DIRECTIONS FOR THIS TASK> Please reproduce the entries below exactly from the line holding "Appartement L3 Arena" through the last line, both included, and omit any pictures.

(Beginning of RECORDS SHOWN)

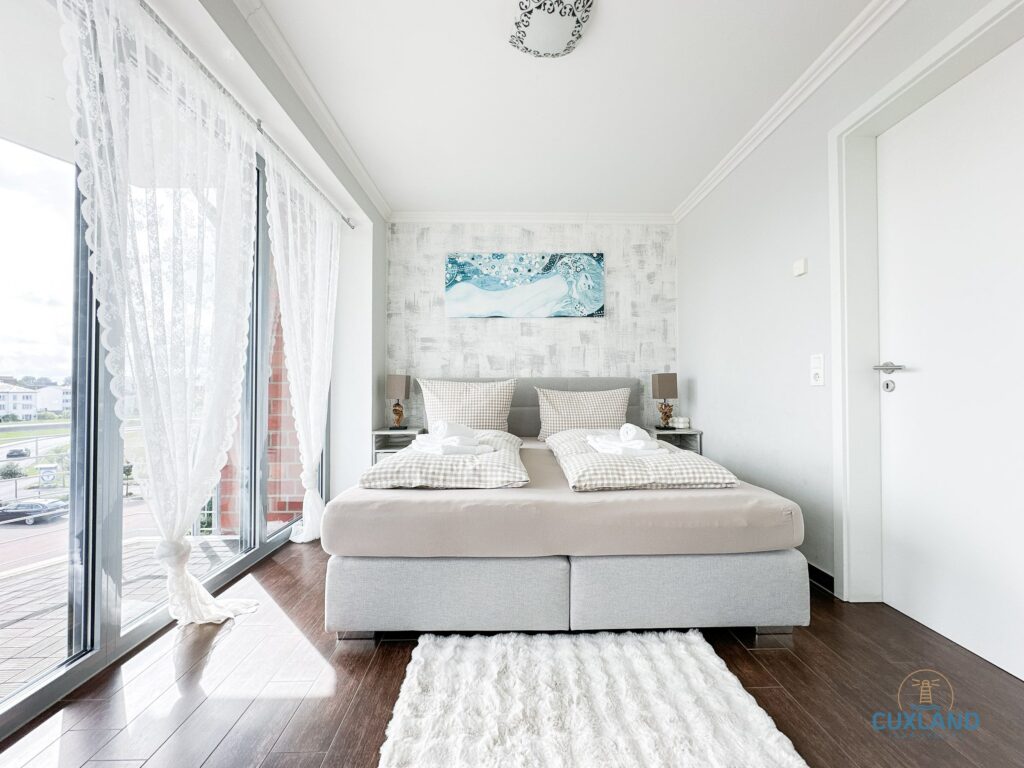 Residenz am Yachthafen Wohnung 18-12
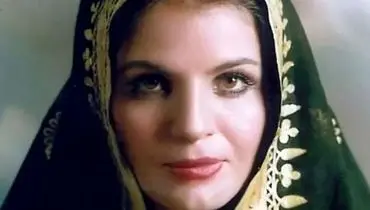 چهرۀ «ژیلا شاهانی» بازیگر سینمای قبل از انقلاب در 50 سالگی در کنار «جلال پیشواییان»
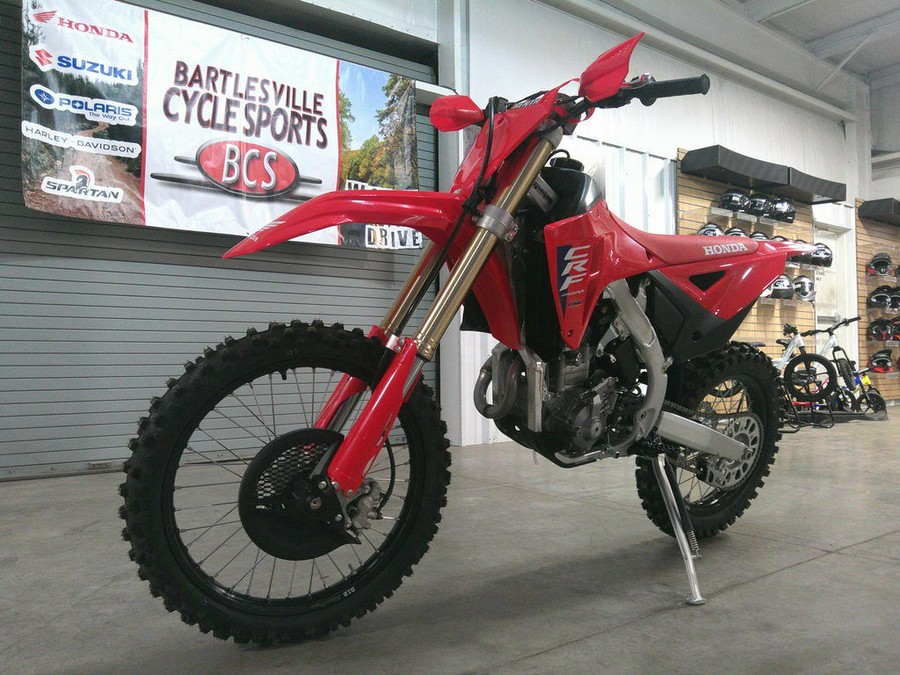 2026 Honda CRF® 250RX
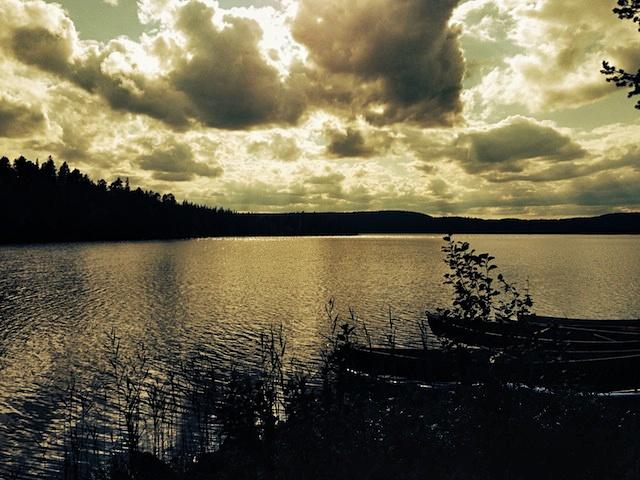 Swedish Lapland – Europe’s Last Wilderness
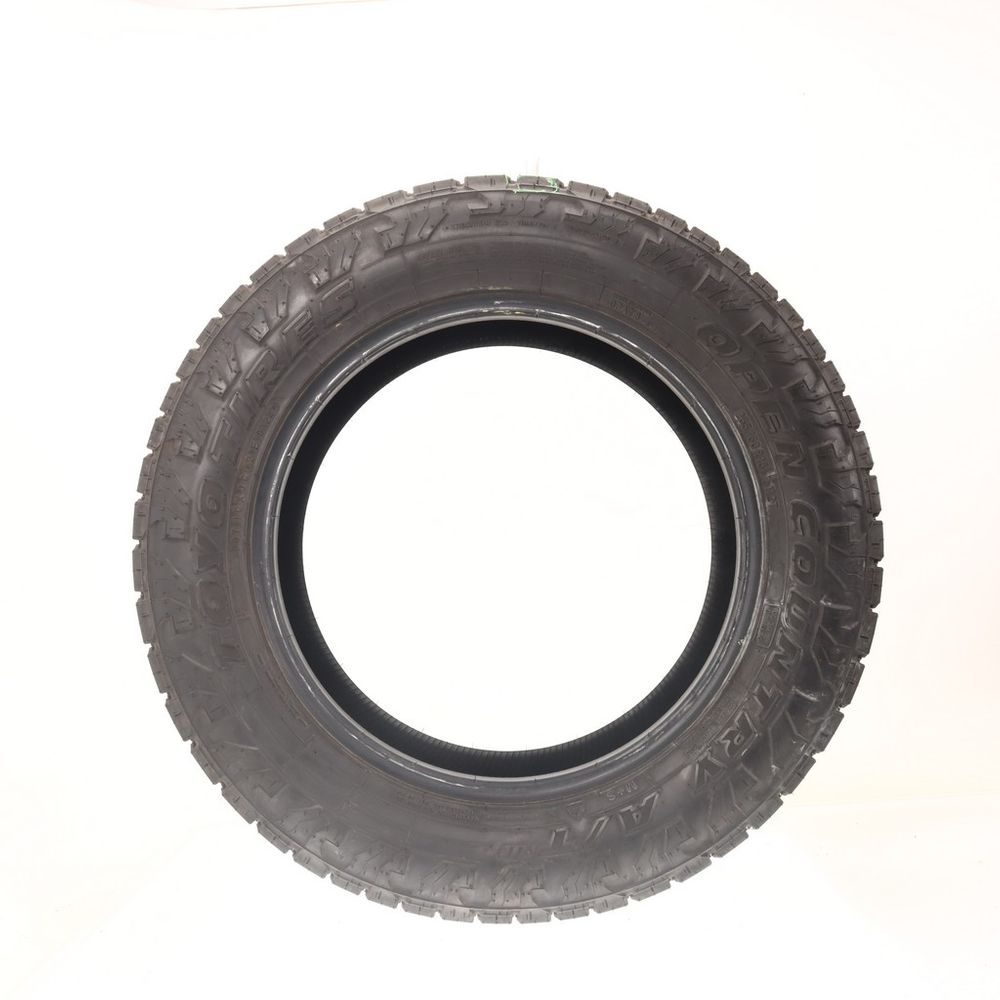 Used 255/60R18 Toyo Open Country A/T III 112T - 12.5/32 - Image 3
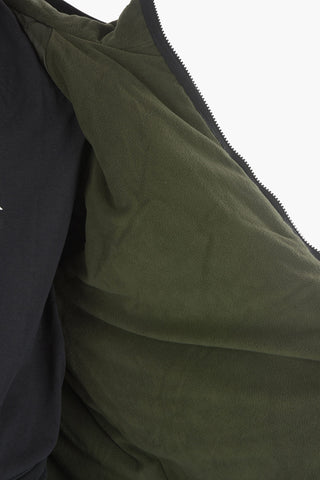 Fleece Inner 2 Pockets LEGACY HD Jacket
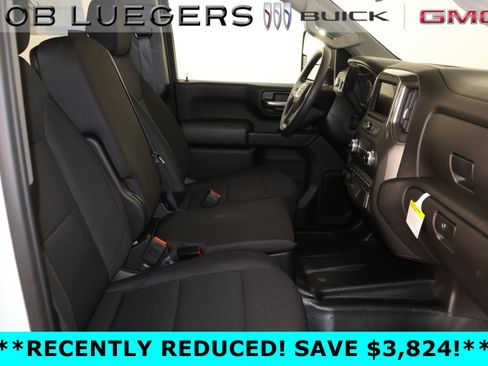 New 2026 GMC Sierra 2500 Pro w/ Convenience Package AWD/4WD image 21
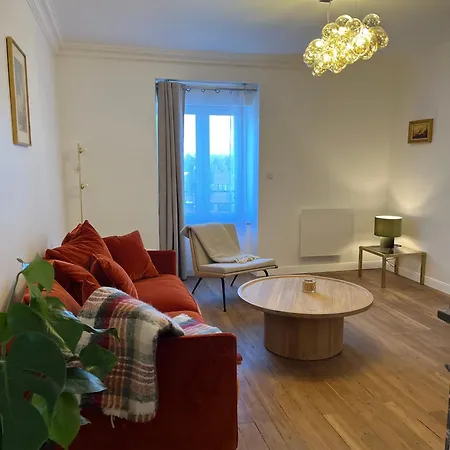 Appartement L3 Arena Reims Gare Centre Extérieur photo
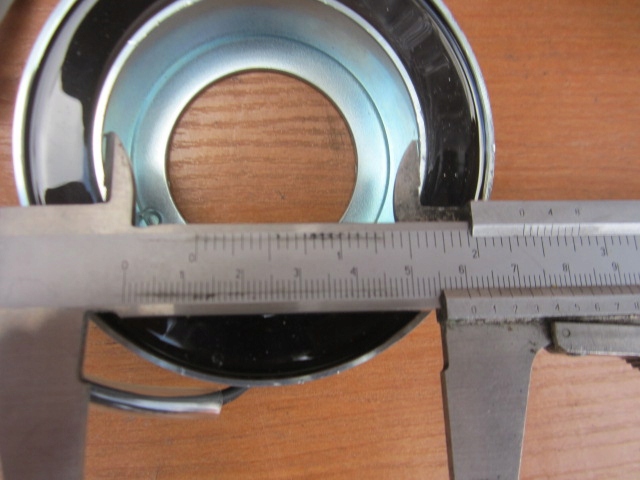 фото №11, Opel delphi катушка компрессора кондиционера nx wk wm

(End of RECORDS SHOWN)

RESPONSE TO THE TASK>
 Appartement L3 Arena Reims Gare Centre Extérieur photo
 фото №11, Opel delphi катушка компрессора кондиционера nx wk wm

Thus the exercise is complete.